2024.07.24 (水)
仏像 ヒーローのように 仏教美術 幅広い層に関心を
石川県立美術館(金沢市)で特別展「まるごと奈良博―奈良国立博物館 至高の仏教美術コレクション」が7月6日に開幕した。奈良博に収蔵される合計205件の名品によって日本仏教美術1400年の歴史をたどるもので、奈良博コレクションの魅力を館外で「まるごと」味わえるまたとない機会だ。
本展覧会は、準備段階から奈良国立博物館が総力をあげて協力しており、筆者も絵画作品の展示作業のため開幕直前の石川県立美術館を訪れた。
そこでまず目に飛び込んできたのは、展覧会PRのポスターをもとにした看板やバナーフラッグの数々。

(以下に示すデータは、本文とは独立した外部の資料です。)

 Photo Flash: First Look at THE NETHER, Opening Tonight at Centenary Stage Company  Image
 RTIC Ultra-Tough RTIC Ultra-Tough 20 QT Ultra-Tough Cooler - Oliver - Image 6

奈良博の仏像たちがSF映画の戦隊ヒーローのように登場する印象深いデザインは、どこか見覚えがあるという方もいるかもしれない。
それもそのはず、本展覧会は2021に奈良国立博物館で開催した特別展「奈良博三昧―至高の仏教美術コレクション」のコンセプトを受け継いでおり、今回のポスターデザインも前回をさらに発展させたものとなっている。
奈良博三昧展では、それまで当館に足を運ぶ機会の少なかった幅広い層に関心をもってもらうため、「難しい」とイメージされがちな仏教美術の魅力を、イラスト入りのパネルをふんだんに使ってわかりやすく伝えることに心がけた。
まるごと奈良博展でも、奈良博三昧展でデビューした当館公式キャラクター「ざんまいず」が展示室のあちこちに登場し、初めて仏教美術に触れる石川県の子供たちを楽しく案内してくれるだろう。